The proposed rule also contains several new aspects, some of which are troublesome at best although they are presented as positive changes. For example, the basic requirement for all OPT grants is that the employment must be related to the degree just received. The old rule continued that requirement so that the STEM extension was also required to be based on the most recent degree. The proposed rule appears to help F-1 students in OPT by allowing the STEM extension for a “previous” degree. For example, if the F-1 student’s most recent degree is in Accounting, but she also has a previous degree in Engineering, in theory the STEM extension would be available. However, in practice this raises a serious concern: since the original grant of OPT must still be related to the most recent degree (Accounting in this example), the student would be required to find a new employer in the field of Engineering in order to obtain the STEM extension. Put another way, if the student knows the STEM extension is available based on her Engineering degree, she would still have to work the first 12 months of OPT in Accounting.

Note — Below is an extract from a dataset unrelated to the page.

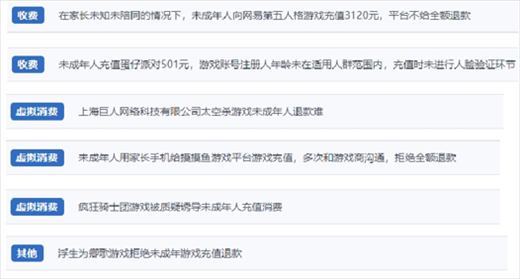 網(wǎng)友涉及“熊孩子”氪金相關投訴問題。（“人民投訴”用戶投訴截圖）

The proposed rule also creates a new requirement called the Mentoring and Training Plan (MTP). This plan has numerous requirements, all of which create new burdens for the STEM OPT employer, with perhaps the most troublesome being the requirement that an evaluation of the F-1 student’s progress under the MTP must be prepared at least every six months of employment during the 24 month extension. Therefore, in addition to the requirement that the MTP be prepared and submitted to the student’s most recent school before receiving the school’s recommendation for the STEM extension, the periodic evaluations must also be prepared and submitted to the school. In short, USCIS is creating new ways for students, and their employers, to violate their status. And it will be interesting to see how the schools’ representatives object to various aspects of the proposed rule based on the tremendous burdens placed on them to assist in maintaining the students’ status up to three years after graduation.
The proposed rule can be found in the Federal Register, Vol. 80, No. 201, at page 63376 (Oct. 19, 2015). Comments must be submitted by Nov. 18, 2015.